Самодержец заглянул без стыда ей в декольте и, заприметив на груди маленькую родинку, отвечал:
— А что должен делать добрый хозяин с шелудивой козой?
— О! — подняла графиня к небу глаза.
— А этот камень
— А может, божья кара? — неожиданно расхохоталась графиня, обнимая царя за шею.
Глава 6
— Ты, Афанасий, рожу-то не хмурь! — наставлял Иван Васильевич боярина Нагого. — Или, может, тебе царская служба не по нраву? Я тогда быстро тебе замену подыщу.
— По нраву, государь.
— Тогда повтори, что должен аглицкой королеве передать.
Откашлялся боярин и заговорил:
— Что ты, Иван Васильевич, согласен взять в жены ее племянницу. Обещаешь Англии военный союз и помощь против Испании и всякие многие льготы аглицким купцам.
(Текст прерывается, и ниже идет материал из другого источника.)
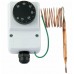REGULUS TS 9520.02 Thermostat-Kapilarrohr 0-90 ° C, 1,5 m, IP40 10772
— Верно, Афанасий, — согласился государь и испытующе воззрился на тестя. — А если они скажут, что я уже женат и браку не должно быть, что ты должен отвечать в этом случае?
В этот день боярину Нагому была оказана большая честь — государь пригласил его отведать ушицы из белорыбицы. За спиной у него стояли два стольника и подкладывали в блюда наваристые куски. Афанасий был рад, что не поскупился на полтину в прошлое воскресение и купил у прижимистого купца позолоченную ложку, и сейчас, не скрывая удовольствия, черпал ею уху. Наверняка государь уже обратил внимание на боярский черпак, и эта мысль согревала Нагого так же крепко, как и горячий навар.
Государь всегда предпочитал голову белорыбицы, ел смачно, забывая об окружающих, подолгу обсасывал жаберные дуги и выковыривал пальцем мозг, и у каждого, кто наблюдал это смакование, появлялся волчий аппетит.
Боярин не сомневался в том, что стольники уже успели отведать сытных кусков, а иначе не сумели бы удержаться и похватали бы белорыбицу прямо из огромного горшка.
Нагой облизал ложку и сунул ее за голенище — с ухой было покончено.
— Скажу, государь, так, как велено: наш царь сам волен распоряжаться своей судьбой. Кого хочет — казнит, кого хочет — милует. А Мария для брака не преграда, ежели потребуется, Иван Васильевич может ее в монастырь запереть.
— Верно, боярин, — вытер самодержец жирные руки о край скатерти. — А теперь ступай, пускай моего лекаря покличут, захворал я нынче что-то.
Тяжкий недуг Иван Васильевич ощутил месяц назад, на соколиной охоте, когда справлял малую нужду. Внизу живота так сильно кольнуло, что царь едва отдышался, а потом закапал густой и зловонный гной. С неделю назад болезнь усилилась, государь стал страдать от недержания и боли, а потом призвал к себе иноземного лекаря и поведал все без утайки о своей хвори.